Cabinet Office plans to increase data sharing among government departments and other public-sector bodies will require a new "consent exemption" to legalise the sharing of sensitive personal data.
That is the view of Kathryn Wynn, a data protection law specialist and senior associate at law firm Pinsent Masons. Even with such an exception, she warns, public-sector bodies might still have difficulty justifying sharing sensitive personal data under the Data Protection Act, without first notifying the individuals concerned.
It follows revelations that Cabinet Office minister Francis Maude is planning new laws that would provide the public sector with a "fast-track mechanism" to enable personal data collected by one government department or public-sector organisation to be used by others for purposes other than those originally intended.
According to the reports, even data collected by doctors or the police could be shared with other bodies without individuals' consent or notification. This, however, might contravene as many as four of the eight data protection principles established under the Data Protection Acts 1984 and 1998.
In an article on a website run by the law firm, Out-law.com, Wynn said: "At the moment, if an organisation wishes to share sensitive personal data, it must satisfy the first data protection principle.
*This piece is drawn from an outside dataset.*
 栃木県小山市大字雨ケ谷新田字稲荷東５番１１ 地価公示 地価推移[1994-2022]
The data sharers would be required to ensure processing is fair and lawful, and that individuals have been issued with a ‘fair process notice'."
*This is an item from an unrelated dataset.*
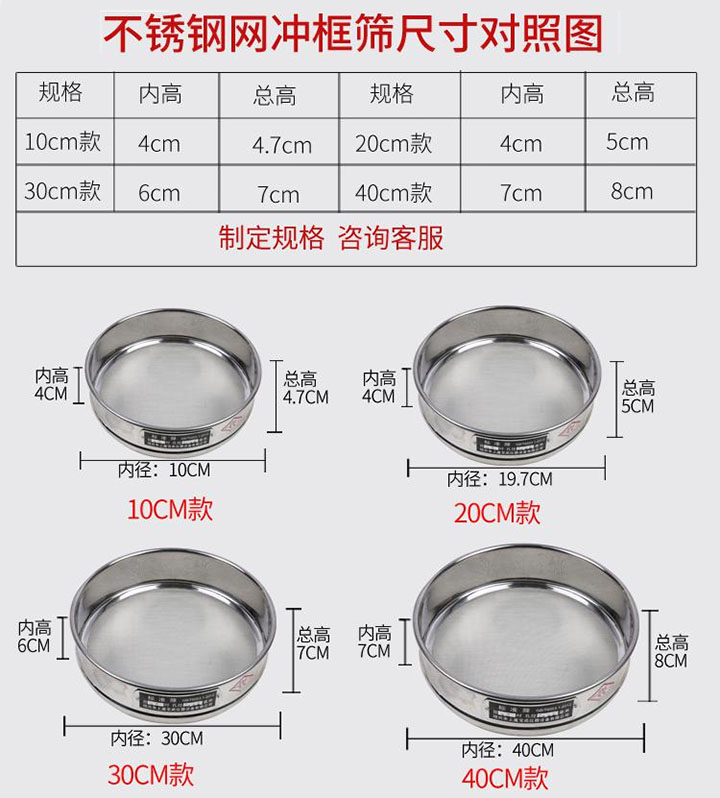 标准试验筛型号对照表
She added: "The data sharing bodies may also be able to rely on the ‘legitimate interests' justification for processing data without consent, provided that they have made an assessment to ensure that the data sharing will not be prejudicial to the individuals."
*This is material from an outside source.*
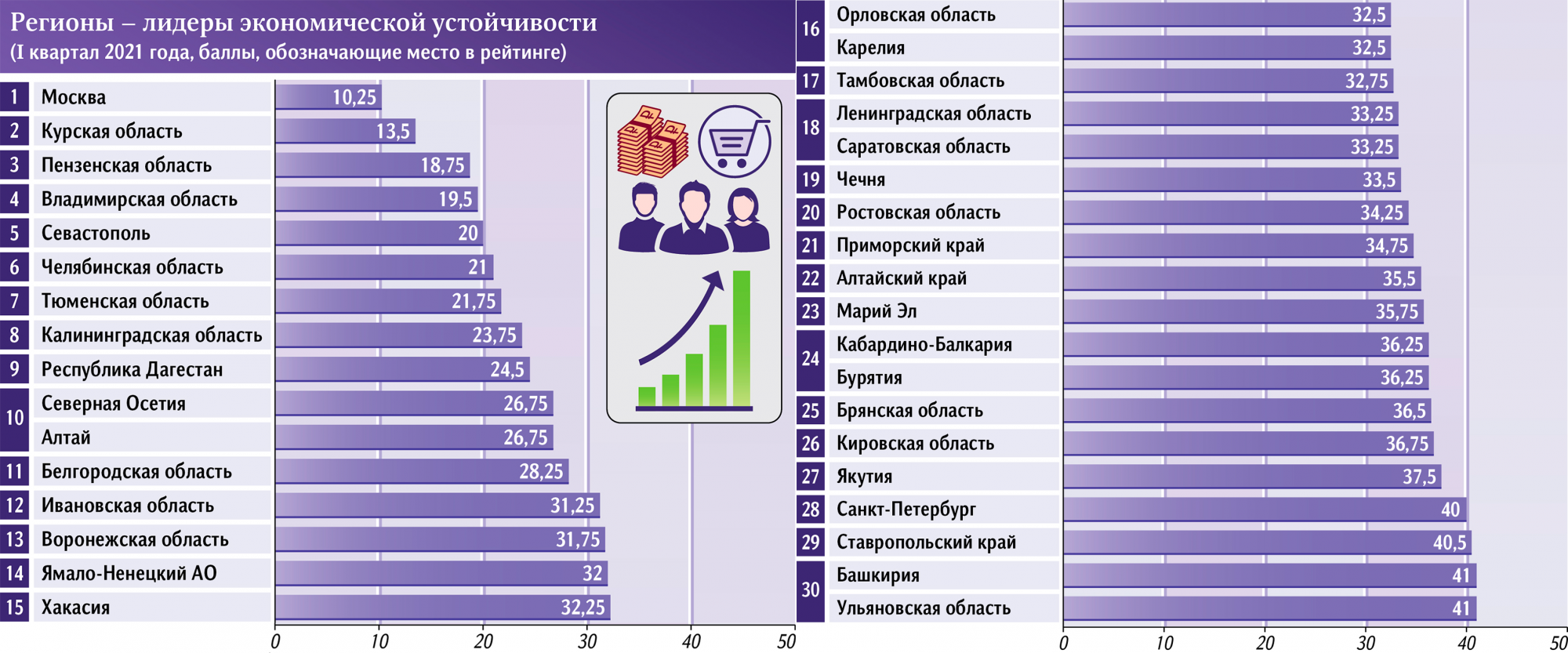 Лучшие детские автокресла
It is not yet clear, however, whether Maude is proposing this relaxation in data protection for investigative or operational purposes. Many public-sector organisations, encouraged by central government, have forged ahead with shared services, such as running common functions from the same technology platforms. Many are also experimenting with cloud computing.
These initiatives, though, are driven by a need to save money and to improve long-term cost efficiency, even if establishing such initiatives has a high up-front cost.
There remains a suspicion that local authorities, police forces and other public-sector bodies are increasingly sharing personal data in ways that may be illegal under the Data Protection Act and that the aim is to retrospectively normalise these activities, and to make cross-governmental data sharing the norm in future.